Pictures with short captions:
:::::

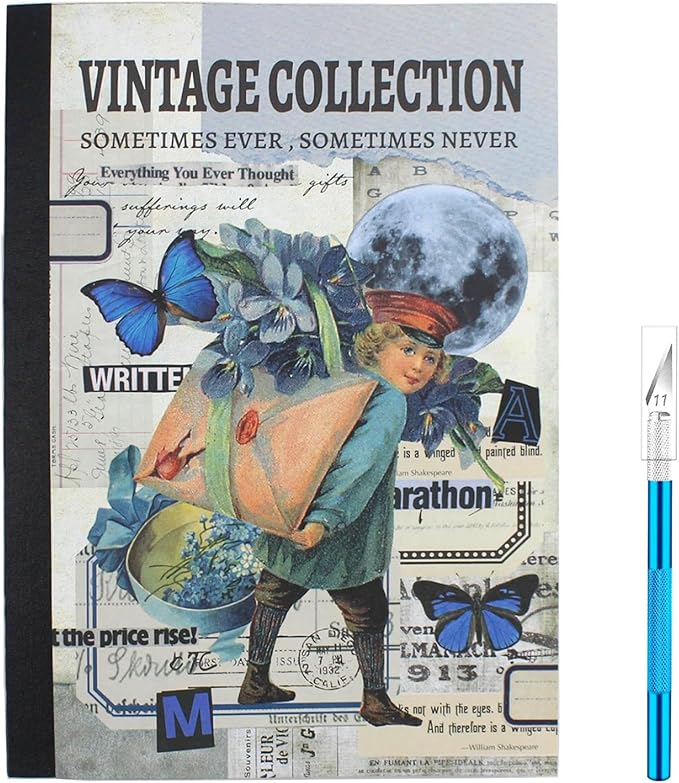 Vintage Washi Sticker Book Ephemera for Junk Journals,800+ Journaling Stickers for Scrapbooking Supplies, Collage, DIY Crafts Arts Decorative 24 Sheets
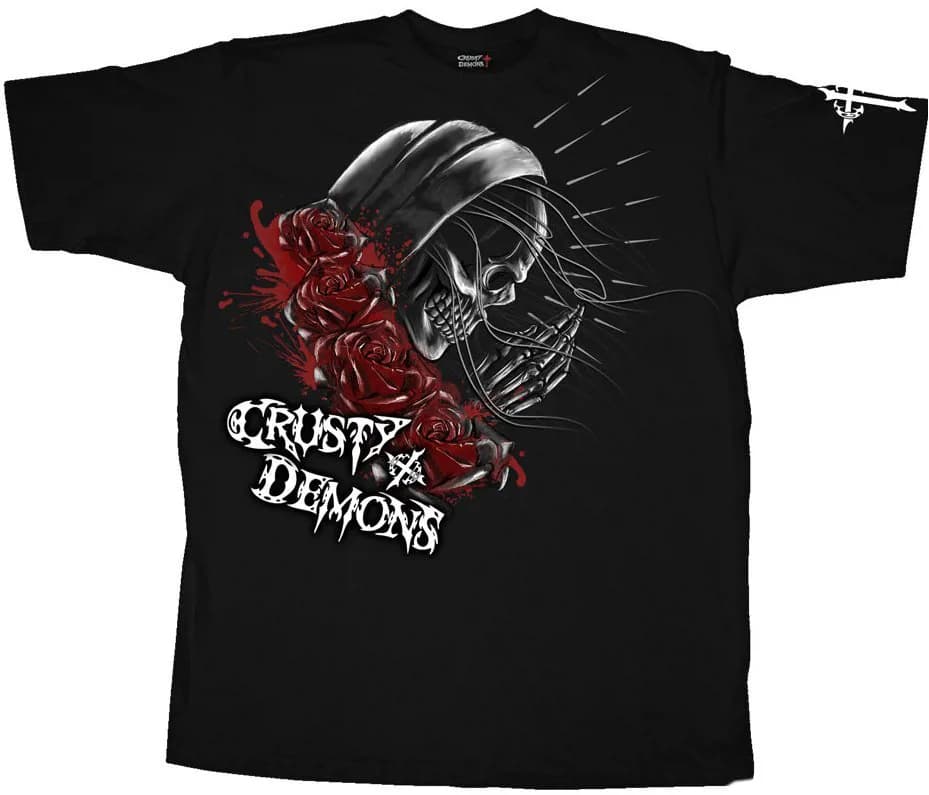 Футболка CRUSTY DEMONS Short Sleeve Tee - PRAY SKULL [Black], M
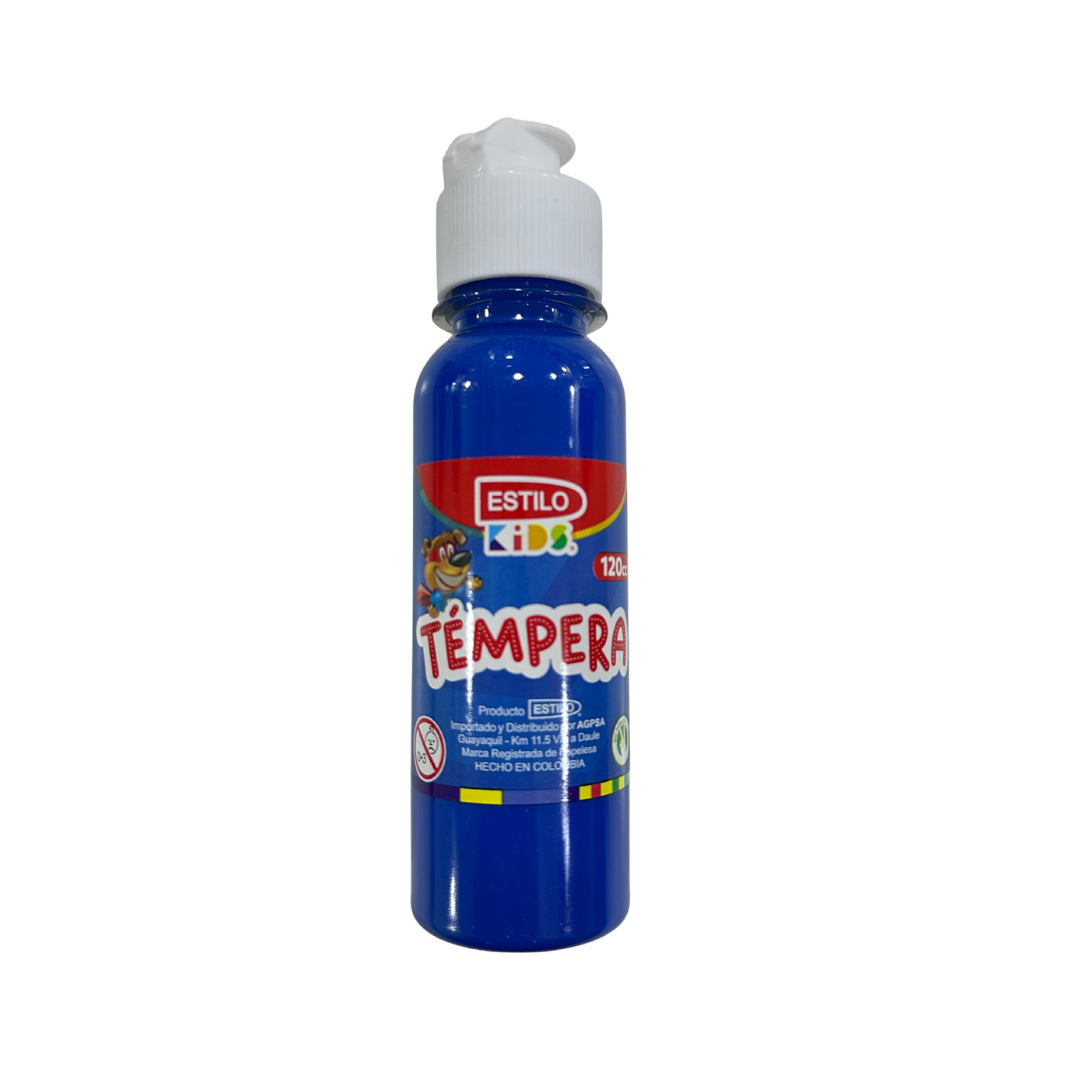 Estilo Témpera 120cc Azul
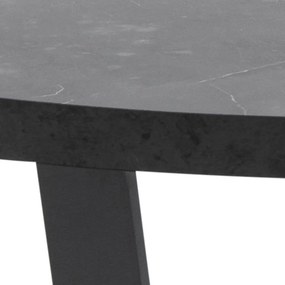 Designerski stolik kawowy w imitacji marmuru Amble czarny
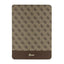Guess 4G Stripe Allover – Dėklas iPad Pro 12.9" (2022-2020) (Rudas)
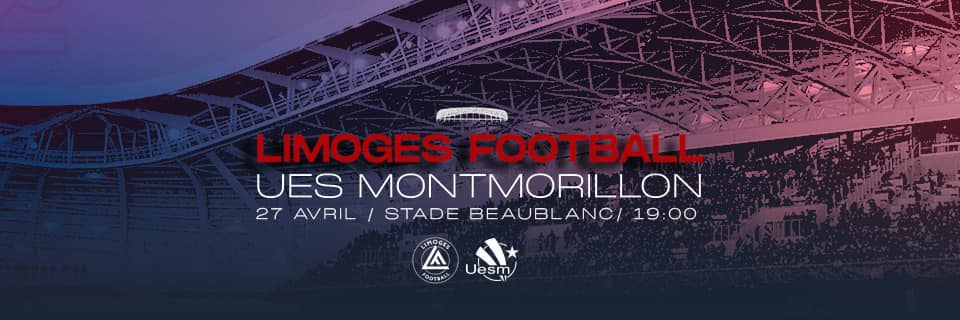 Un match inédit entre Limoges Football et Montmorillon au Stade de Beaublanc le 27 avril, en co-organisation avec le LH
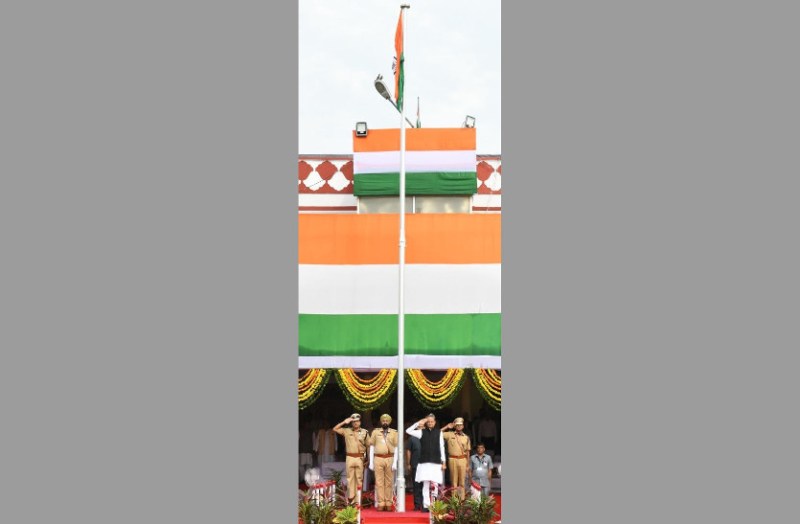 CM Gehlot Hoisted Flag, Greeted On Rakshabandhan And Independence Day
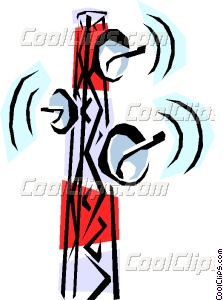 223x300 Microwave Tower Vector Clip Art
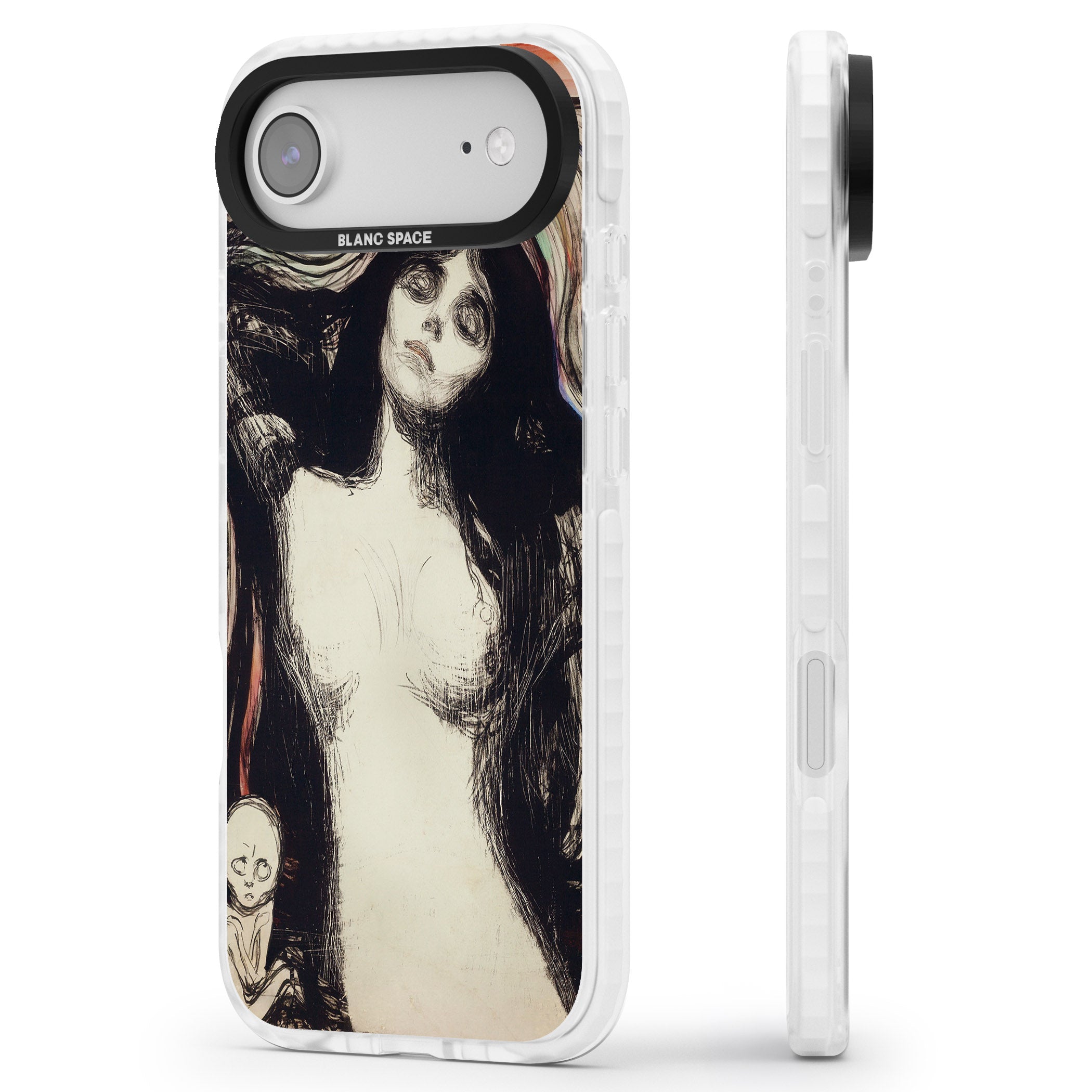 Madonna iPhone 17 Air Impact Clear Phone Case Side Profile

:::::

ASSIGNMENT:
The data above should be repeated in full and exactly, with no pictures carried over.

ANSWER FOR THE TASK:
 Vintage Washi Sticker Book Ephemera for Junk Journals,800+ Journaling Stickers for Scrapbooking Supplies, Collage, DIY Crafts Arts Decorative 24 Sheets
 Футболка CRUSTY DEMONS Short Sleeve Tee - PRAY SKULL [Black], M
 Estilo Témpera 120cc Azul
 Designerski stolik kawowy w imitacji marmuru Amble czarny
Guess 4G Stripe Allover – Dėklas iPad Pro 12.9" (2022-2020) (Rudas)
 Un match inédit entre Limoges Football et Montmorillon au Stade de Beaublanc le 27 avril, en co-organisation avec le LH
 CM Gehlot Hoisted Flag, Greeted On Rakshabandhan And Independence Day
 223x300 Microwave Tower Vector Clip Art
 Madonna iPhone 17 Air Impact Clear Phone Case Side Profile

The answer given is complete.